Jeff,
I was in your boat and one thing I went to was a ticketing system. I
first went to Keystone but then say Tom Limoncelli's book "Time
Management for System Adminstrators" It is a great thing to read and
have on hand. From that I started using Request Tracker by
Bestpracticals.  (RT) www.bestpracticals.com.  It handles requests
directly and also via email.

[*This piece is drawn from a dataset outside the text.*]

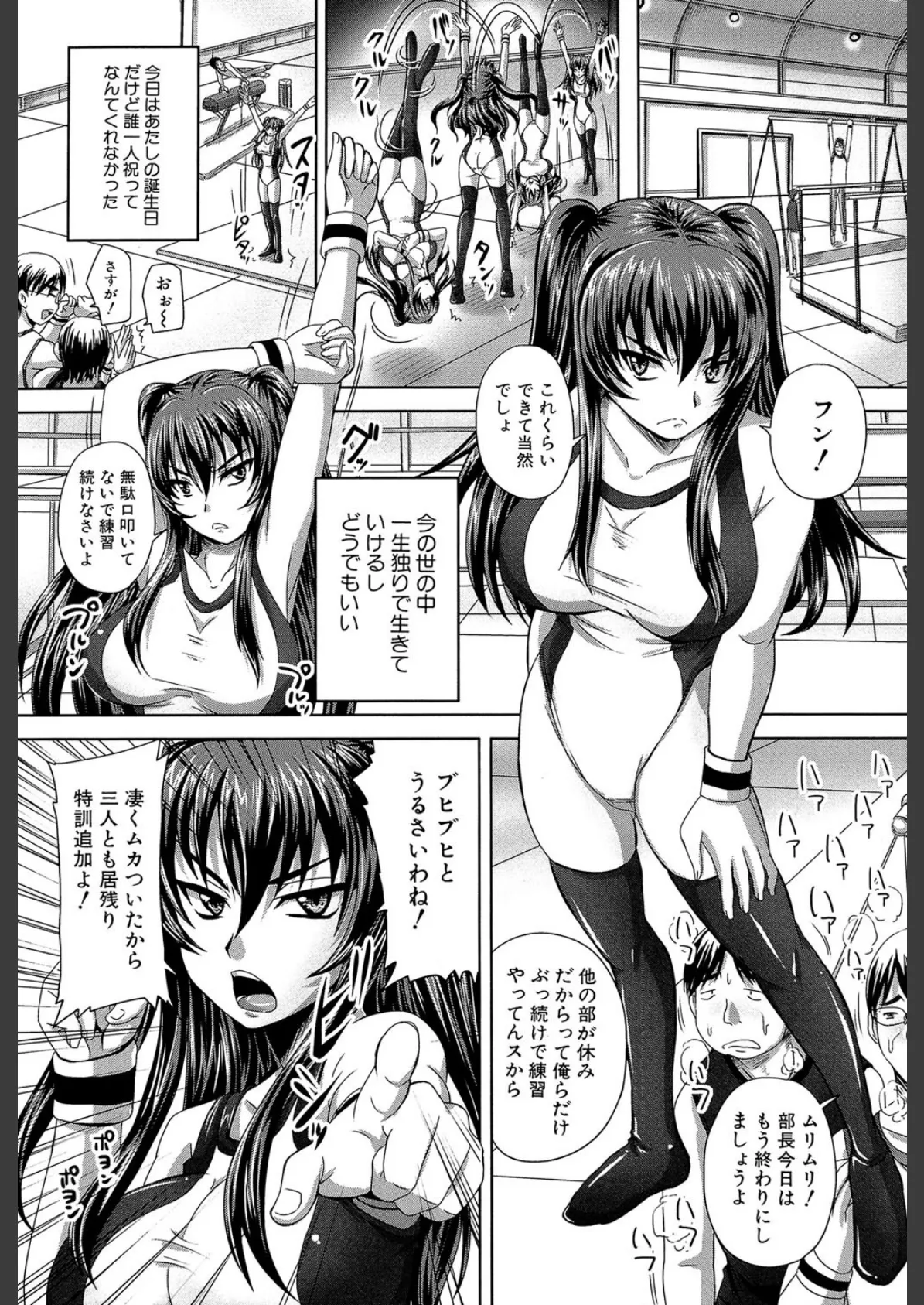 孕め!肉便器【1話立ち読み付き】 2ページ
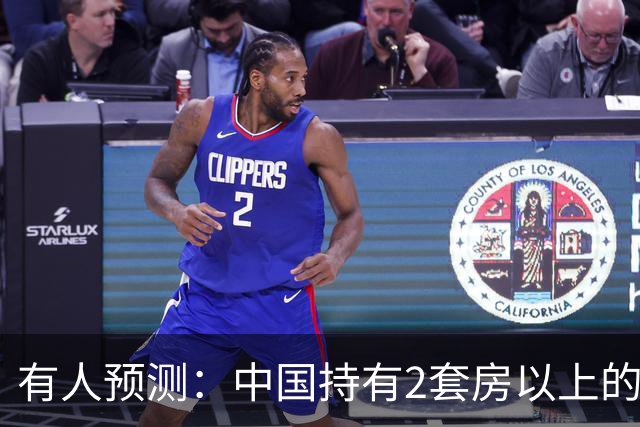 有人预测：中国持有2套房以上的家庭，可能会迎来3个结局，要警惕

You can have your folks send their requests
to an email address and then answer them through RT.

I added the Asset Tracker portion and use that for tracking compnents at
my 20 sites I manage.  It also has an RTFM section (Frequently asked
questions).

I run an Intranet Website for my documentation as I started this before
Wikis were invented but have recently started one for the day that I get
hit by that perverbial beer truck and they need something.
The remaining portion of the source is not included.